No one understood him the way Jay did. Stephen steered his car through the slow-moving herd, feeling the wheels slide under him as he made a turn. He pulled his earmuffs down around his neck—they were a concession to the cold that didn’t require matting down his hair under a hat. The snow was engulfing everything, daubing big blots of white silence over the city. He would never get used to it.

He had to slam on his brakes at the final stoplight before the Lyndale entrance to 94. His car slid out and its nose protruded rudely into the crosswalk. People gave him dirty looks as they walked around him.

This was the first drive to work in the post-Jay era. He would come home alone that night, eat alone, grade papers alone. There would be no one there in the morning. He would most likely never again see the supple curve of her back, the perfect spheres of her breasts, or her eyes closed in transport as he lost himself within her. Jay was, for all her aimlessness, extraordinarily sure once she actually got down to the business of deciding on something.

So that was that. Stephen merged onto the freeway, checked the clock on the dashboard and saw that he was going to be late for his own lecture. He’d gone and fallen in love—after years of trying to perfect an impenetrable core that couldn’t be budged by hurt or dependence—and now she’d left him. He felt, strangely enough, as though nothing at all was happening.

And now the memory of the gun. Stephen had stared down the barrel, the way detective novels described it, and seen down into a black void of darkness. He wondered how close Lewis had been to pulling the trigger. It looked like a big gun, and it might have killed him—Stephen had read once that the impact alone from a bullet is often enough to disrupt the heart’s rhythm and induce death. He imagined the red of his blood on the white snow, the cloud of scorched gunpowder in the crisp morning air.

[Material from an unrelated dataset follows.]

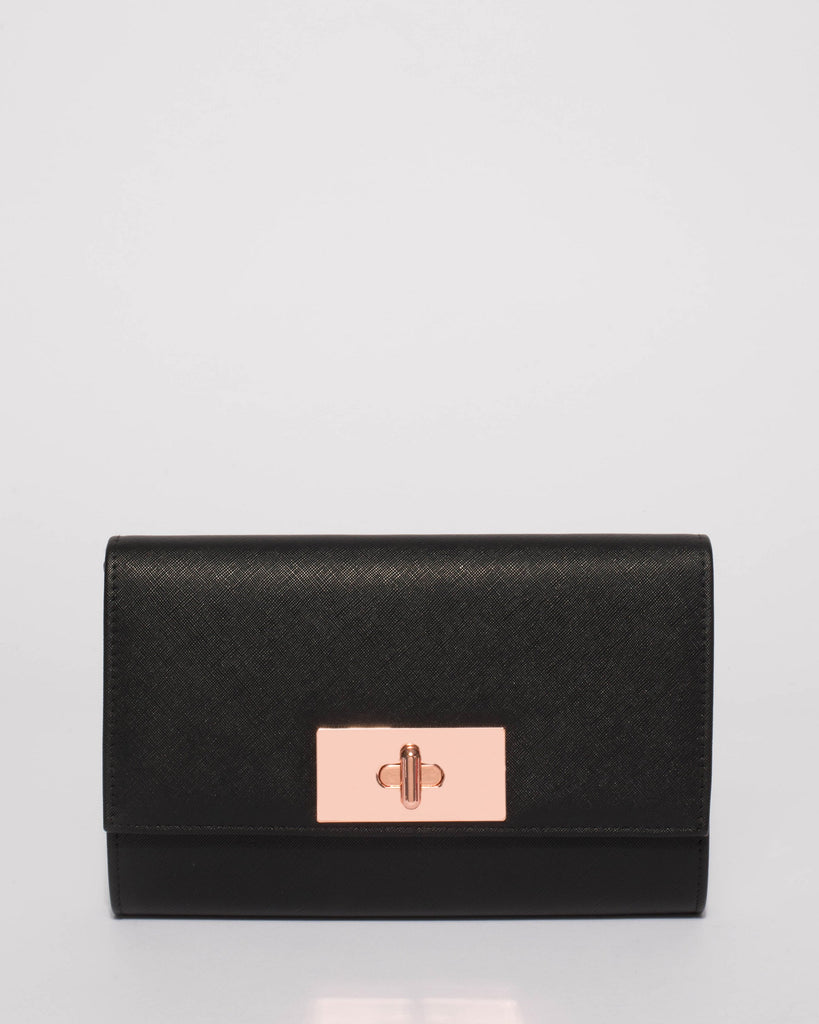 Black Tara Large Clutch Bag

He supposed something had to be done about Lewis, but he wasn’t sure what. Stephen wasn’t inclined to respond to violence in kind, and Lewis hadn’t actually
done
anything. He suspected the old boy had engaged in a little old-fashioned angry-father terrorism.

Which brought him back to Jay. He had lost her.

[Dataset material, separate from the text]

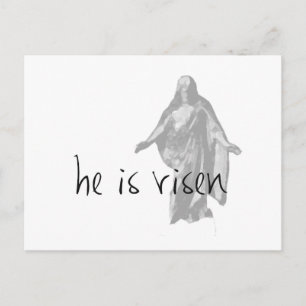 he is risen jesus christ easter lds mormon holiday postcard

Stephen pulled his car into one of the last spaces in the ramp nearest the lecture hall. He switched off the motor and looked at himself in the mirror under the sun visor, trying to get into character for his students. He worked harder than usual to locate his inner professor that morning, because it surely wasn’t much fun at the moment being plain old Stephen Grant.

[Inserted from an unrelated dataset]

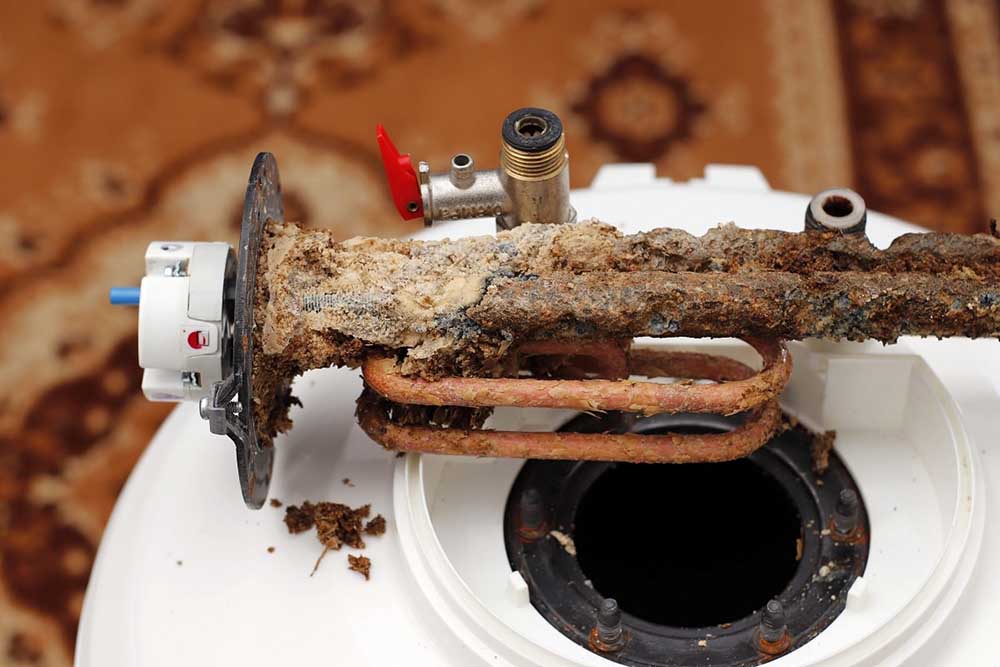 deteriorated water heater anode rod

INTERLUDE. FEEDING THE PENGUINS AND MAKING SURE THEIR BABIES WERE SAFE.

I
n Antarctica it was cold
all
the time. Sometimes you couldn’t even go outside because your nose and your toes and your fingers would freeze and fall off. And the doctors wouldn’t be able to put them back on again. You’d lose them
forever.

The Perfect Princess had left her throne unoccupied for a time (always a dangerous prospect—there were would-be usurpers everywhere) in order to mount an expedition to Antarctica to look for her Grandma Anna. She had with her a team of royal assistants who helped her in her terrible struggle, and who lived to tend to her every terrible whim.